The public debut of PYPL shares marks the culmination of a push by activist investors, including Carl Icahn, for eBay to undertake a corporate transformation designed to split eBay and PayPal.
As is the custom with high-profile companies making a trading debut, PayPal leadership was on hand to ring the opening bell to start the trading day – this time, with a push of the eponymous “PayPal” button.
As PayPal CEO and President Dan Schulman stated in a release marking the start of the company’s public trading, the company is “well-positioned to deliver the benefits of digital money to people around the world. In 2014, PayPal processed $235 billion in total payment volume and generated more than $8 billion in revenues. And last year, PayPal processed $46 billion in mobile payment volume. The company serves more than 169 million active customer accounts in 203 markets [globally].”
In the latest quarter, PayPal’s revenues were up 16 percent to $2.3 billion, with value of transactions growing 20 percent to $66 billion. It should be noted that eBay remains a significant chunk of that volume, with 22 percent of the total or about $14.5 billion.
Sell-side analysts cheered the first day of PayPal’s trading, issuing notes that were by and large sanguine on the company’s prospects. As Reuters noted, nine of the 11 Wall Street analysts issuing recommendations on the name were at “buy” or positive ratings. One smaller firm, Evercore, has a “sell” on the company.
In reference to valuation, Reuters noted that BMO Capital analysts wrote in an initiation report that investors were likely to begin to value PayPal on a relative basis to much larger companies, including to Visa and MasterCard. But, BMO’s analysis stated, PayPal had a “relatively low EBITDA margin profile” of 27 percent. That EBITDA margin stands at half that of the credit card companies.
Thus far, the price target ranges on the sell side reports range from about $36 to $48, Reuters said.
Many of those analysts noted there are at least some battles to be fought as the company pushes up against larger tech companies looking to make a splash in payments, ranging from Google to Apple.
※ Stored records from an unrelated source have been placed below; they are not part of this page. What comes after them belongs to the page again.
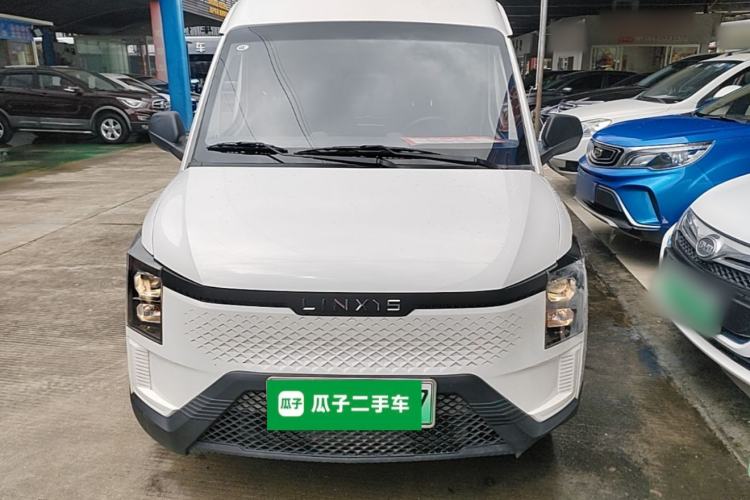 Used Linxys Huangjincang 2025 PULS Cargo Version First-Class Cabin Front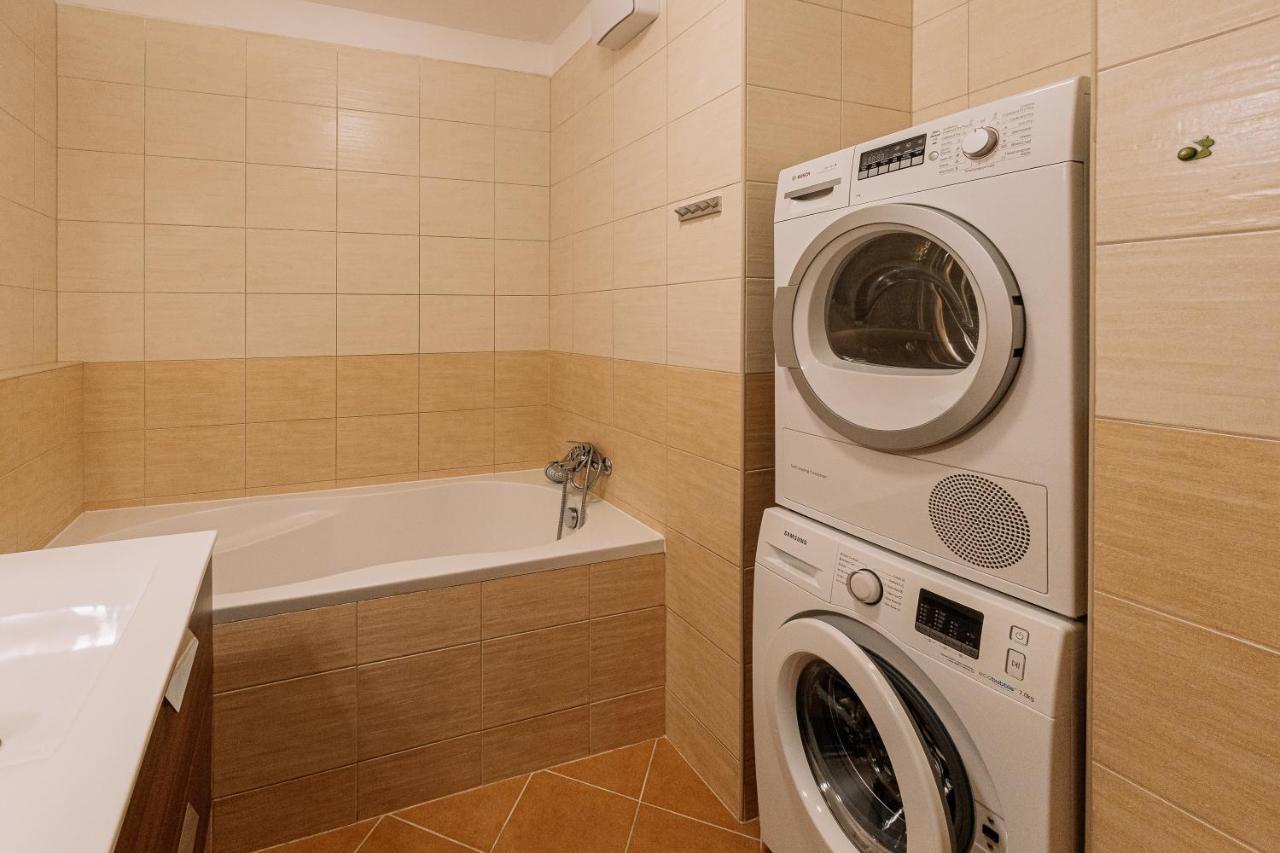 Apartment Family Bratislava Parking Slot Included! Buitenkant foto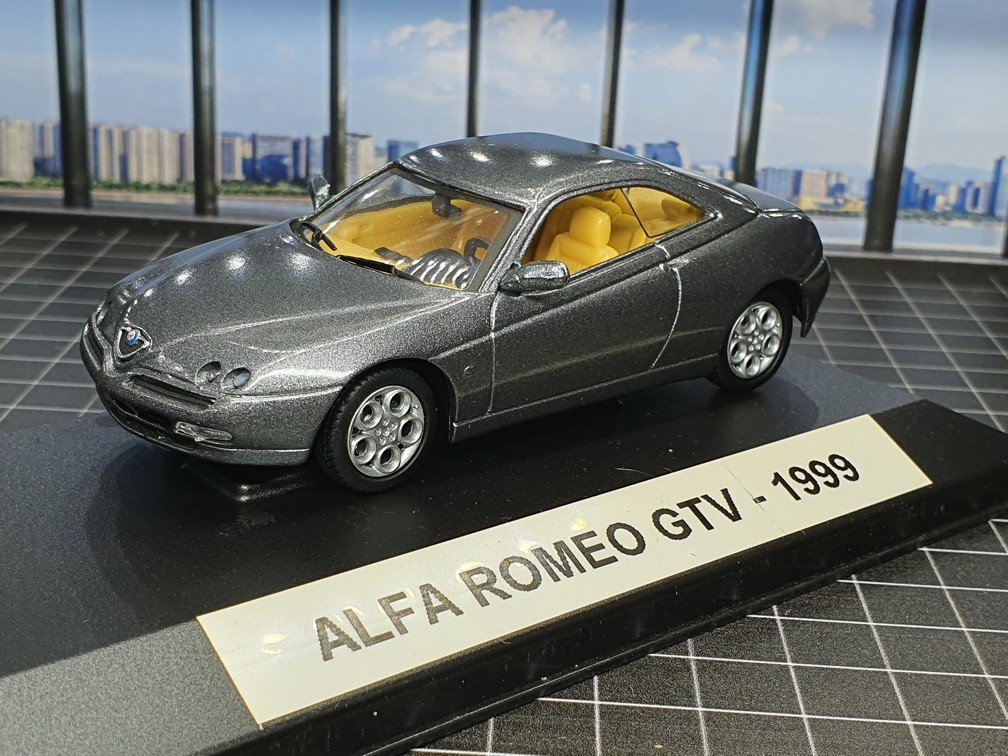 ALFA ROMEO GTV 1999 1/43 SOLIDO - Minicars Collection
In initial commentary of her own, MPD CEO Karen Webster looked toward the huge impact the company has made thus far with digital merchants. According to PayPal’s investor deck, PayPal is a presence across 74 percent of online retailers’ sites in the U.S. and a roughly similar percentage in Europe, the Middle East and Africa.
“It’s hard to find another digital ‘buy button’ that comes even close today … and that is so important for understanding just where PayPal is in the competitive race these days,” Webster wrote.